Calcul IS TUP: simulateur premium de l’impôt sur les sociétés après transmission universelle de patrimoine
Estimez rapidement l’impact fiscal d’une TUP sur l’impôt sur les sociétés en intégrant le résultat de la société absorbante, le résultat repris de la société dissoute, les ajustements fiscaux, l’utilisation des déficits et l’éligibilité éventuelle au taux réduit de 15 % sur la première tranche.
Calculateur interactif
Visualisation de l’impact fiscal
Guide expert du calcul IS TUP
Le calcul IS TUP correspond à l’estimation de l’impôt sur les sociétés après une transmission universelle de patrimoine. En pratique française, la TUP intervient souvent lorsqu’une société détient la totalité des titres d’une filiale et décide sa dissolution sans liquidation. Le patrimoine de la société dissoute est alors transmis en bloc à l’associé unique. Cette opération a des conséquences juridiques, comptables et fiscales qui doivent être anticipées avec précision. Le point le plus sensible, dans de nombreux dossiers, reste la mesure correcte du résultat imposable après l’opération et donc du montant d’IS à payer.

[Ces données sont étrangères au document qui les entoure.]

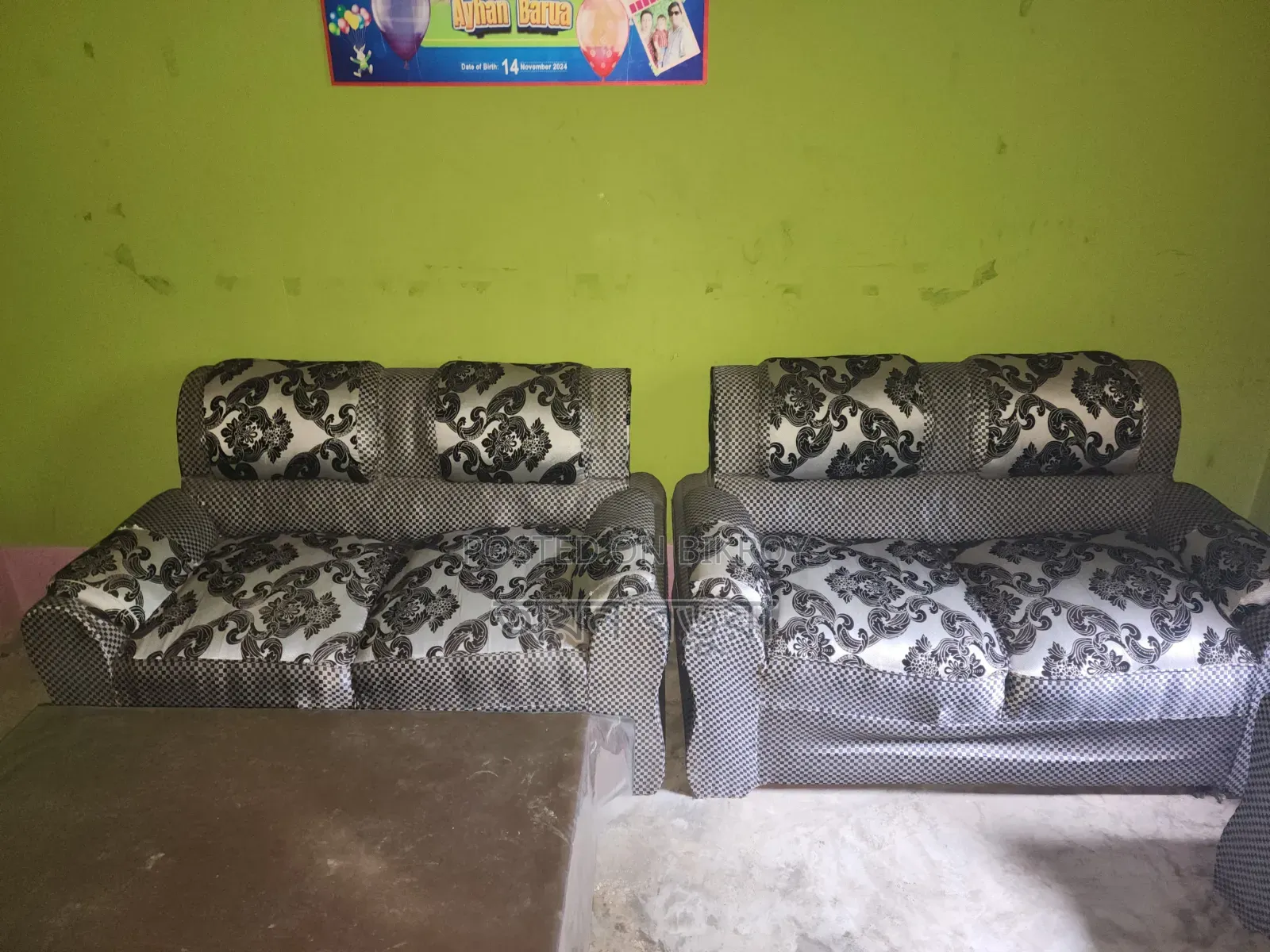 1 Set Sofa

Un bon calcul ne se limite pas à additionner deux bénéfices. Il faut intégrer les retraitements fiscaux, l’éventuelle utilisation de déficits reportables, la distinction entre résultat comptable et résultat fiscal, et les règles de taux applicables. Dans un contexte de TUP, la direction financière veut généralement répondre à quatre questions simples : quel sera le résultat fiscal global après reprise du patrimoine, quel montant d’impôt doit être provisionné, quel est l’effet marginal de la disparition de la filiale sur la charge fiscale consolidée, et quels postes risquent d’être redressés en cas de contrôle.
Qu’est-ce qu’une TUP et pourquoi le calcul d’IS change-t-il ?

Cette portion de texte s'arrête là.